Web page caption snippets

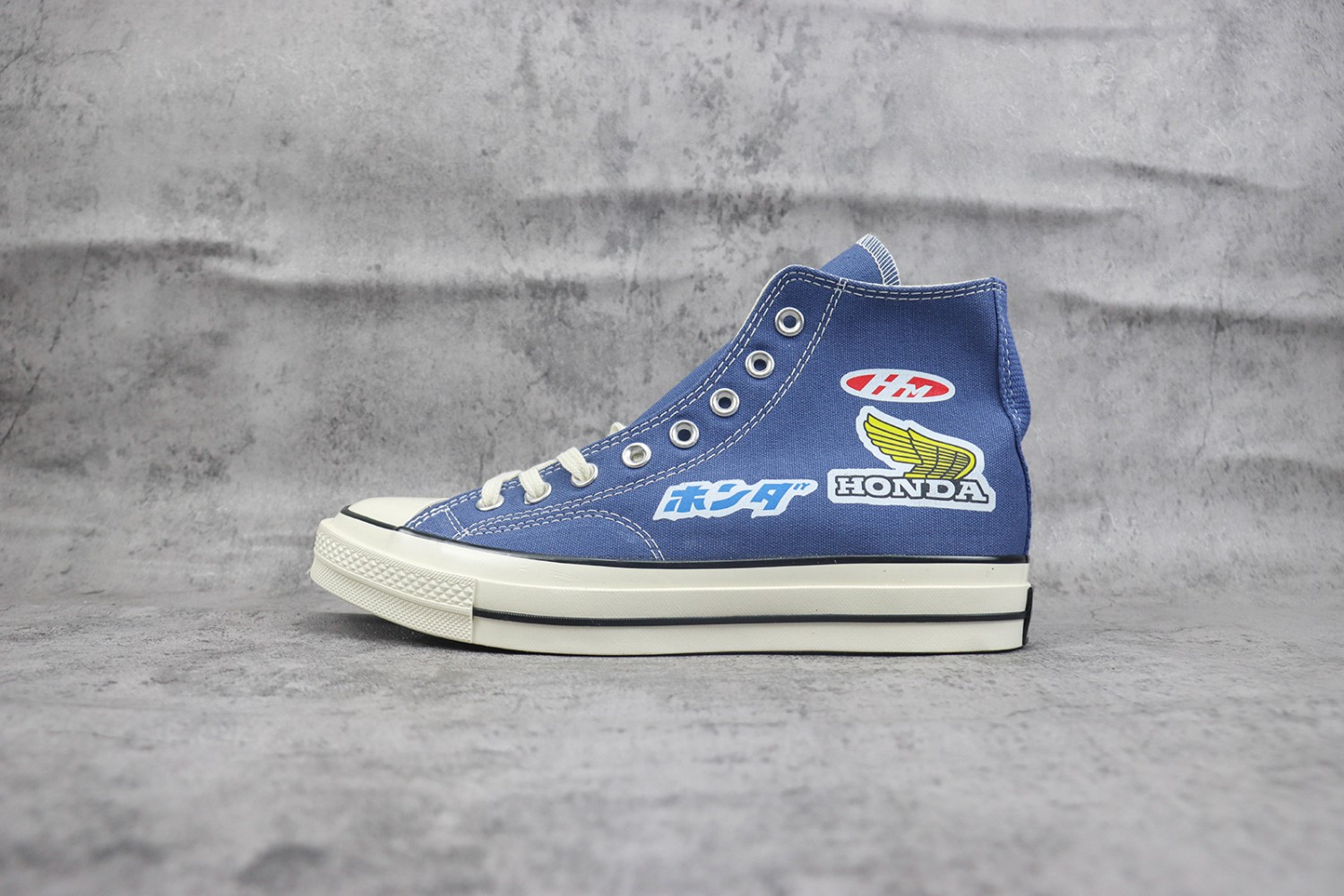 Converse High Top Sneaker CHTS1000071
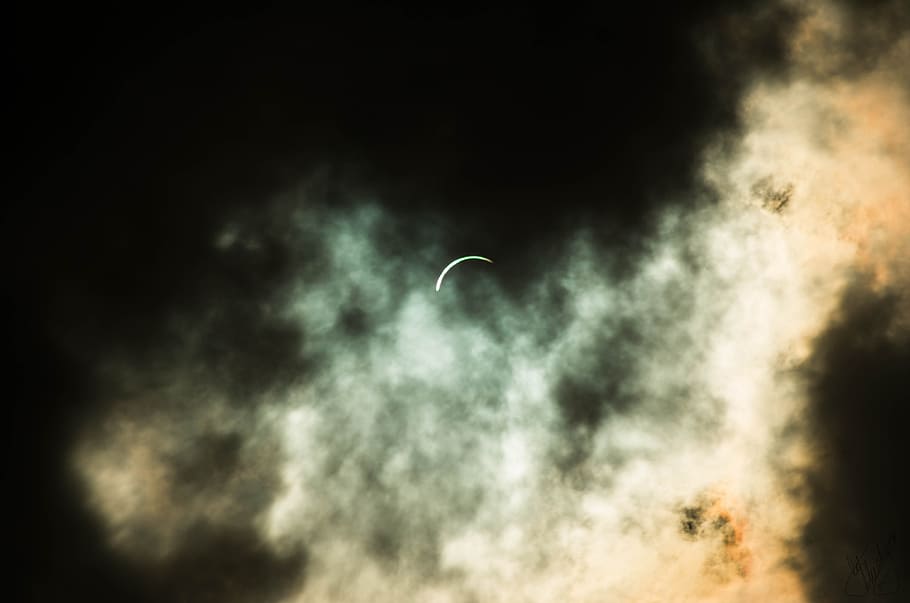 low angle photo of smoke at night time, solar eclipse, sun HD wallpaper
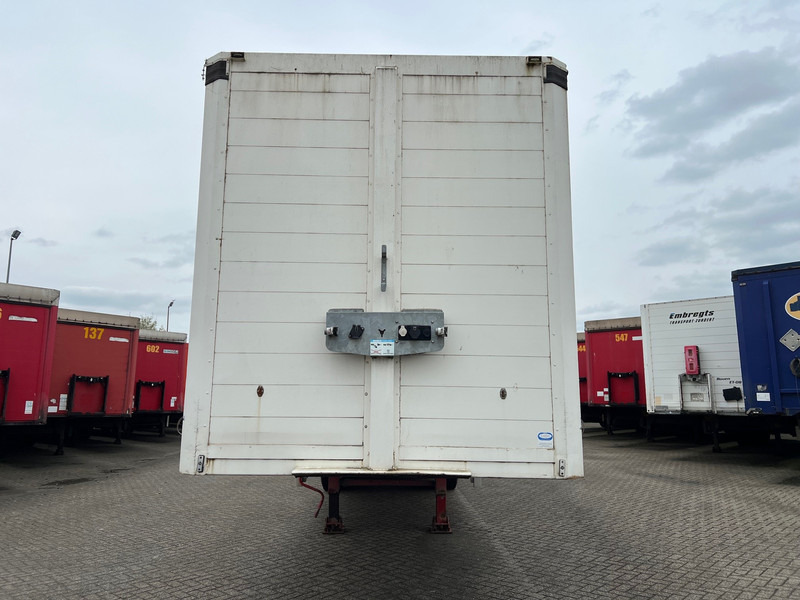 Renders X-steering tautliner - الخيمة نصف مقطورة: صور 2 Renders X-steering tautliner - الخيمة نصف مقطورة: صور 2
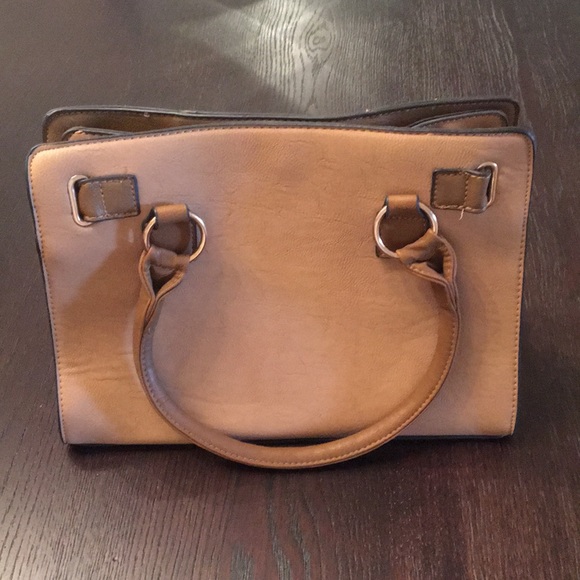 Purse - Picture 3 of 4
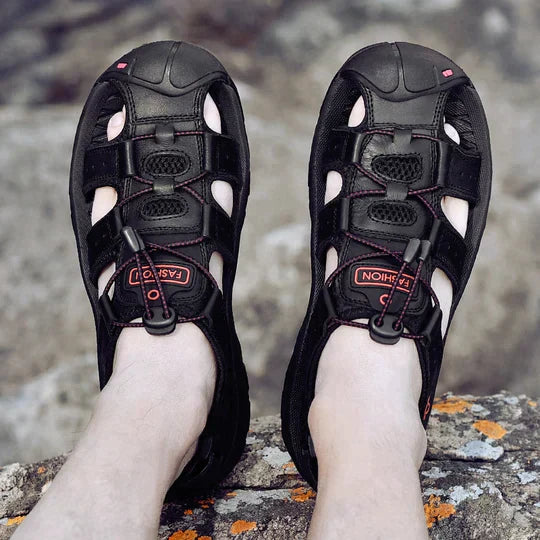"Hochwertige dunkelbraune Herrensandalen mit orthopädischem Fußbett und verstellbaren Riemen für optimalen Komfort."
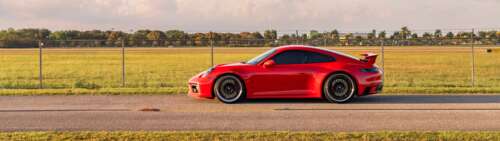 Una vista dettagliata di un’elegante e potente Porsche 992 GTS, che mette in risalto... Dual UHD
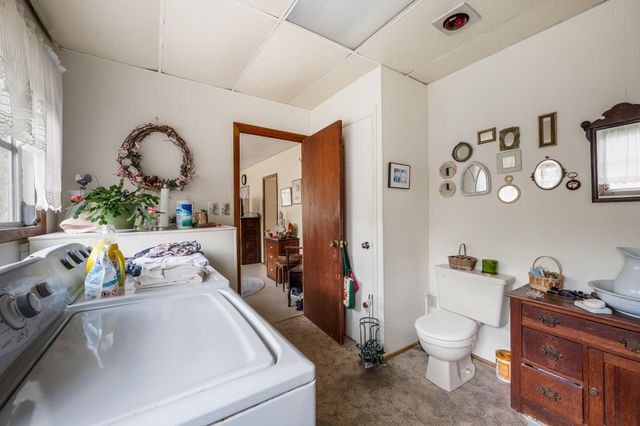 1374 Moccasin RD, Thaxton, VA 24174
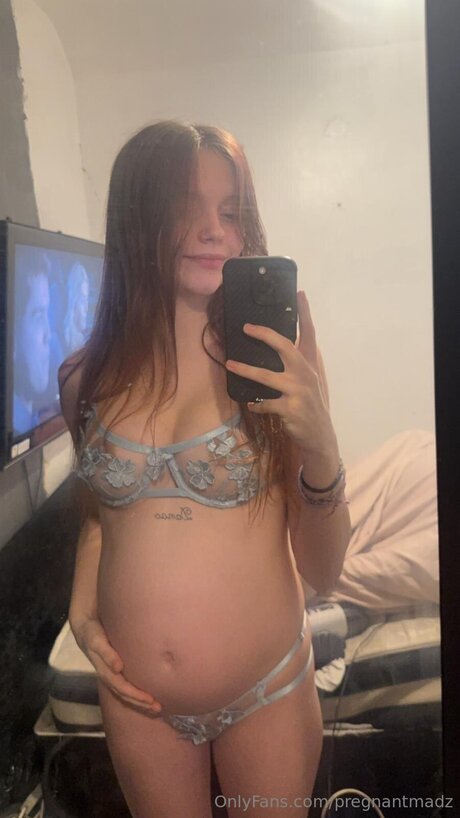 Pregnantmadz model pornographische bild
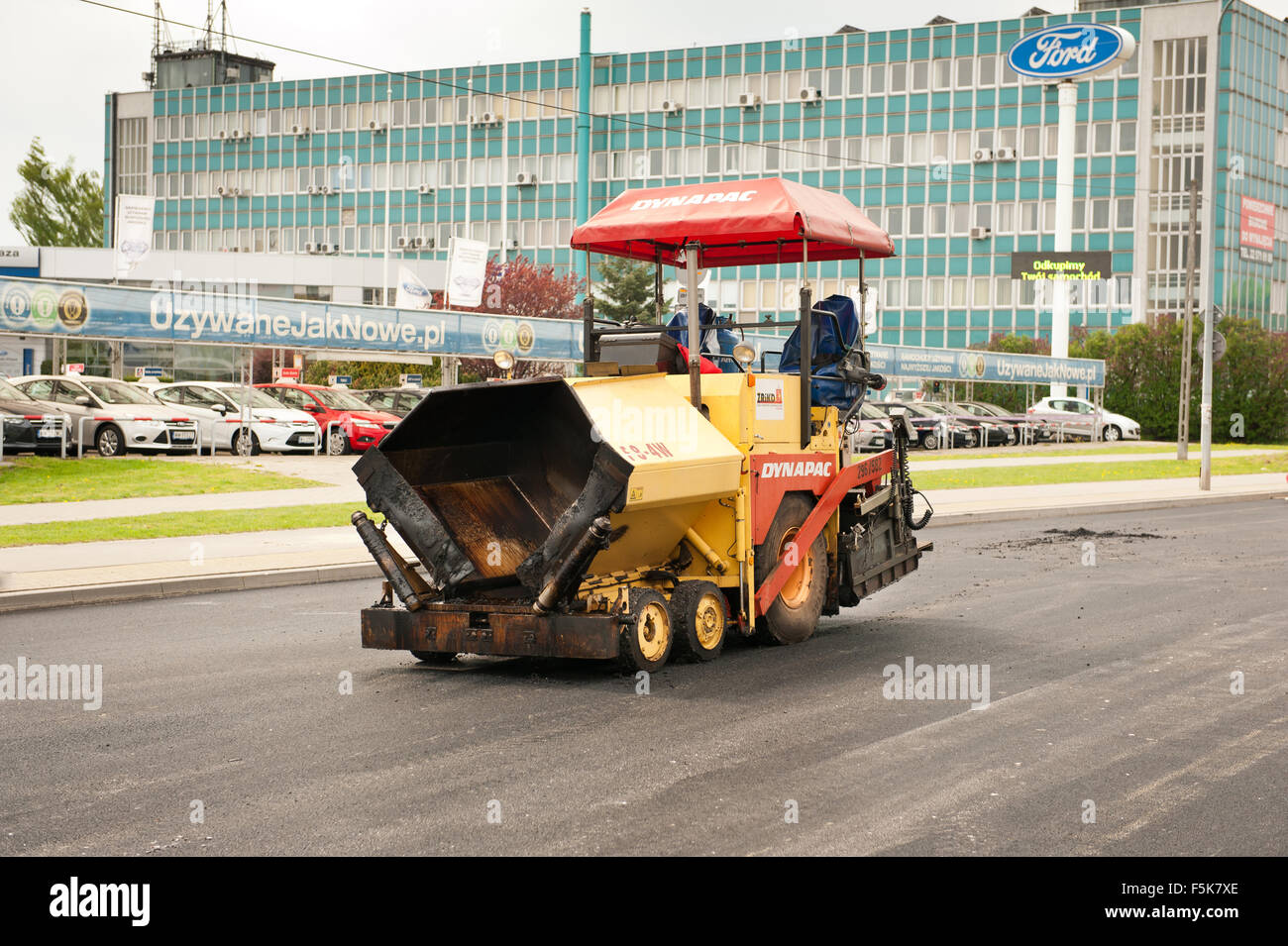Asfalto lastricatore street ristrutturazione veicolo di pavimentazione, blacktopping costruzione di strada equipaggiamento macchina Dynapac F8 4W lastricatore gommati ... Foto Stock
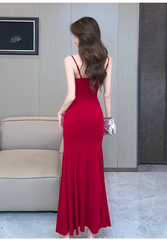 Rotes langes Kleid
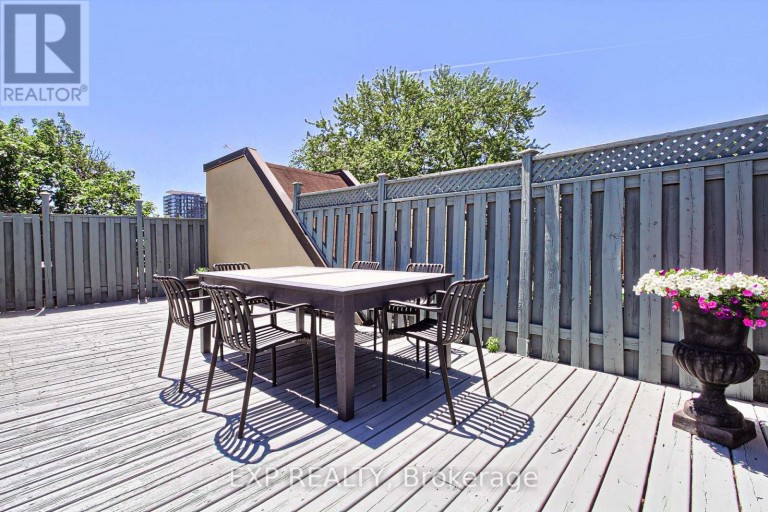 4 - 306 SACKVILLE STREET, Toronto (Cabbagetown-South St. James Town), Ontario, M5A3G2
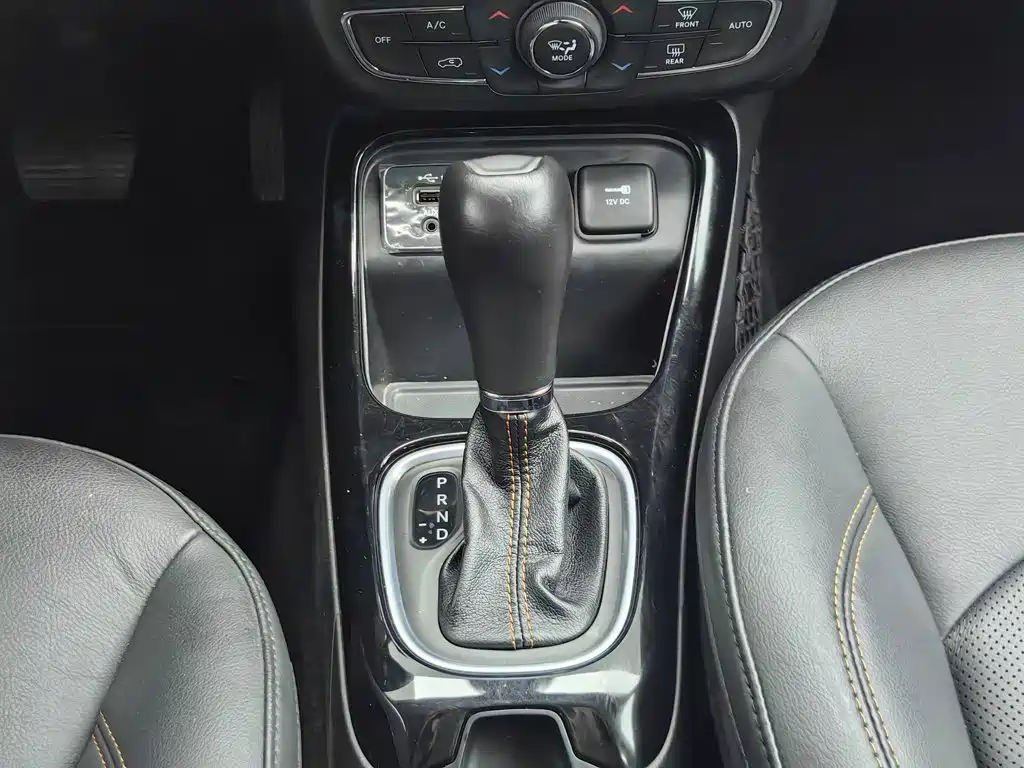 Jeep Compass — миниатюра 13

*Work request:*
The answer must be the lines above from the one containing "low angle photo" through the one containing "Rotes langes Kleid", reproduced exactly, with no pictures and nothing else.

*Response for this exercise:*
 low angle photo of smoke at night time, solar eclipse, sun HD wallpaper
 Renders X-steering tautliner - الخيمة نصف مقطورة: صور 2 Renders X-steering tautliner - الخيمة نصف مقطورة: صور 2
 Purse - Picture 3 of 4
"Hochwertige dunkelbraune Herrensandalen mit orthopädischem Fußbett und verstellbaren Riemen für optimalen Komfort."
 Una vista dettagliata di un’elegante e potente Porsche 992 GTS, che mette in risalto... Dual UHD
 1374 Moccasin RD, Thaxton, VA 24174
 Pregnantmadz model pornographische bild
Asfalto lastricatore street ristrutturazione veicolo di pavimentazione, blacktopping costruzione di strada equipaggiamento macchina Dynapac F8 4W lastricatore gommati ... Foto Stock
 Rotes langes Kleid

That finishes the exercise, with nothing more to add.